Il primo che ho installato, il più utile, è un chip Nfc-rfid che serve per aprire le porte, oppure una serranda. Ma anche per registrare i propri dati medici, la carta di identità, il badge del lavoro e condividere, ad esempio, il proprio LinkedIn”, ha dichiarato il 35enne e ancora: “il secondo è un dispositivo che può essere utilizzato, ad esempio, per l’autentificazione dei dati bancari. Il terzo è un magnete che attrae i metalli e permette, per esempio, di catturare le viti in modo da non perderle mentre si fa qualche lavoro; il quarto è un led e se lo avvicini a una sorgente elettrica si illumina”.

Per quello che riguarda il suo acquisto, il giovane ha ammesso di trovarli da sempre su internet anche se ha fatto sapere come delle volte si rivolge anche a dei centri specializzati che collaborano con le aziende che li vendono.

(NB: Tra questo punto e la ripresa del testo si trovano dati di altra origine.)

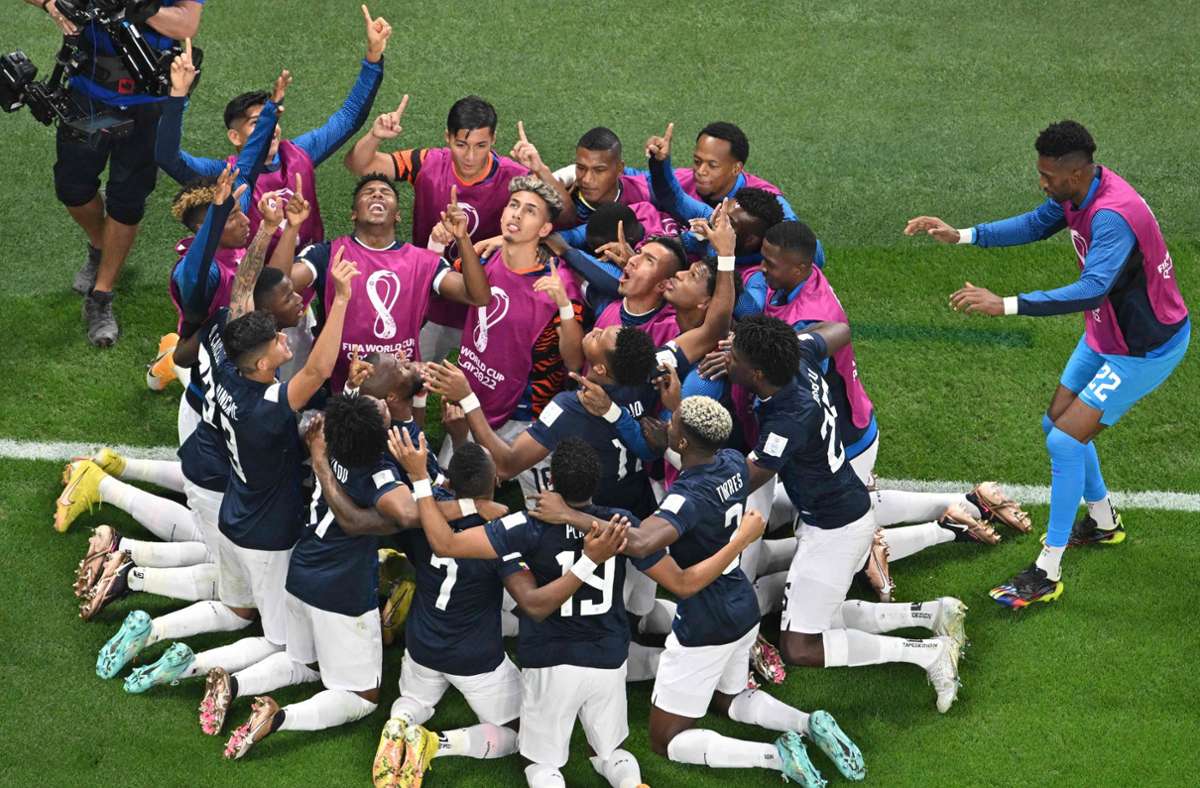 Treffer für Ecuador: Énner Valencia feiert mit seinem Team. Foto: AFP/ANTONIN THUILLIER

Mi auguro che queste integrazioni uomo-tecnologia possano essere ancora più al servizio della collettività e della salute. Mi piacerebbe che riuscendo a mappare il nostro cervello riuscissimo ad andare a risolvere malattie neurodegenerative, come Parkinson e Alzheimer, con strumenti e modalità d’azione ad ampio raggio” ha poi concluso.